Tony Paronss for legal reasons, Tuesday, 22 October 2002 14:19 (twenty-three years ago)

Can I just point out that Littlejohn is worse than Parsons. Or Simon Heffer.

Roger Fascist (Roger Fascist), Tuesday, 22 October 2002 14:20 (twenty-three years ago)

And, once again, ILM is poisioned by the self-appointed "Roger Fascist" and his Guardianista liberal elite. If it was up to these people, gay asylum seekers would be allowed to fly planes into our most valuable institutions: YOU COULDN'T MAKE IT UP.

Richard Littlejohn (Dom Passantino), Tuesday, 22 October 2002 15:01 (twenty-three years ago)

I'm laughing out loud. Well done man.

Roger Fascist (Roger Fascist), Tuesday, 22 October 2002 15:06 (twenty-three years ago)

I think I'll avoid the temptation of the link at the start of the thread. I want to keep my breakfast down.

Ned Raggett (Ned), Tuesday, 22 October 2002 15:26 (twenty-three years ago)

Parsons' natural home is of course the paper he wrote for c. 1995, the Daily Redcoatandwellygraph.

robin carmody (robin carmody), Tuesday, 22 October 2002 18:32 (twenty-three years ago)

I'm sure that when he was signed up as a "hip young gunslinger" by the NME back in 1976, Tony Parson took an oath promising that no matter how uninspired, lazy or old he got he would never resort to the "It Was All Better In My Day, Sunny Jim" article. But even back then he never showed any interest in music qua music. Remember how he and the missus dismissed all music except the Tom Robinson Band as "wanking in the wind" in The Boy Looked At Johnny?

Oh how we laughed.

Yes/No Interlude (Yes/No Interlude), Tuesday, 22 October 2002 19:30 (twenty-three years ago)

"I've thought that ever since I saw him on The Late Review on BBC2 where, reclining in his chair, he yawningly dismissed every scrap of art and artistic effort put in front of him. Behind his laughing face though, you could see it was just him saying whatever it took to make him look like a valid, cutting-edge critic."

http://www.fistoffun.net/book/17.htm

Dan Emerson, Tuesday, 22 October 2002 20:37 (twenty-three years ago)

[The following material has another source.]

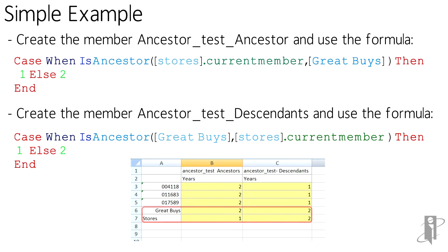So it's basically reversed the logic here. It's a very simple way to test whether or not something is an ancestor or a descendant of an item.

There were manufactured prefab popstars in the 60s, too, shock horror. It was just harder to see the puppet strings behind them

I'd say it's more or less the same (certainly Phil Spector and the Motown crew had a decent share of fame?)

Daniel_Rf, Tuesday, 22 October 2002 22:45 (twenty-three years ago)

Can I just point out that Littlejohn is worse than Parsons. Or Simon Heffer.

No, Parsons is worse, much worse. Littlejohn has always been a reactionary right-wing windbag, if anything he's mellowed with age, and on occasion he can be funny. Parsons on the other hand has turned a self-righteous humourless nasty little right-wing p**k, he's become a modern Woodrow Wyatt (he's even called to bring back hanging).

I read Heffer with a morbid fascination (unlike the above two, + me, he can write btw). He should be declared a National Trust monument, the personification of why the Tories are languishing in opposition and flat-lining in the polls. A man who would have felt society was going to the dogs in 1950s. More importantly, unlike Parsons, completely harmless.

stevo (stevo), Tuesday, 22 October 2002 23:02 (twenty-three years ago)

Heffer is also disturbingly young for someone who thinks like that (born 1960 IIRC)

robin carmody (robin carmody), Wednesday, 23 October 2002 08:13 (twenty-three years ago)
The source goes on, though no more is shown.